Wanda is absent for several days, during which she wins a drawing contest in the classroom. In one of the book's few dated details, the contest was for which girl could design and draw the best dress, and which boy could design and draw the best motorboat. The teacher announces that Wanda has won, and displays 100 beautiful color drawings of dresses all around the classroom. Suddenly, shamed to quiet, Peggy and Maddie understand about the life of the imagination and feel terrible remorse when the teacher reads aloud a letter from Wanda's father, announcing that they are moving to another town and citing the teasing of his daughter as one reason.

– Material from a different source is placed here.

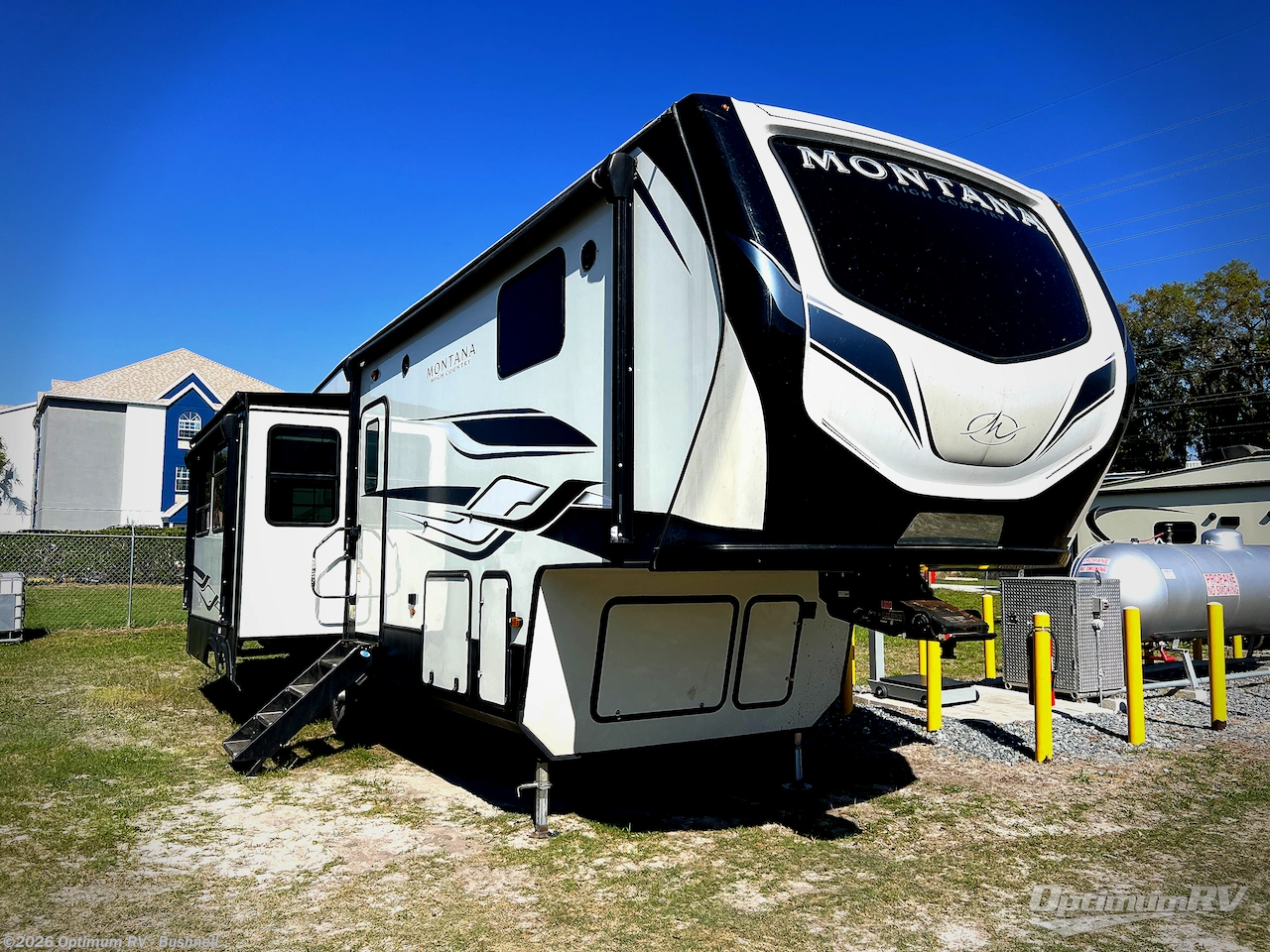 Used 2022 Keystone Montana High Country 295RL available in Bushnell, Florida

Maddie is the beating heart of this book. She goes along with Peggy's teasing of Wanda, even though she knows that it is wrong. She is also poor, she tells us, and feared that if Peggy stopped making fun of Wanda she might turn her sights on her. At the end of The Hundred Dresses, the girls' teacher reads aloud a letter from Wanda, which tells where she has moved to and asks that one particular dress drawing be given to each of Peggy and Maddie for Christmas. She turns to those who had hurt her and offers them pure kindness. Wanda's gesture shows the power of kindness: Maddie vows to herself that she will never stand by and say nothing when someone hurts another again.

The author's daughter writes a preface to this book explaining her mother's personal ties to the story. This is a beautifully illustrated, simply and elegantly told tale whose message will resonate for all children. I highly recommend it.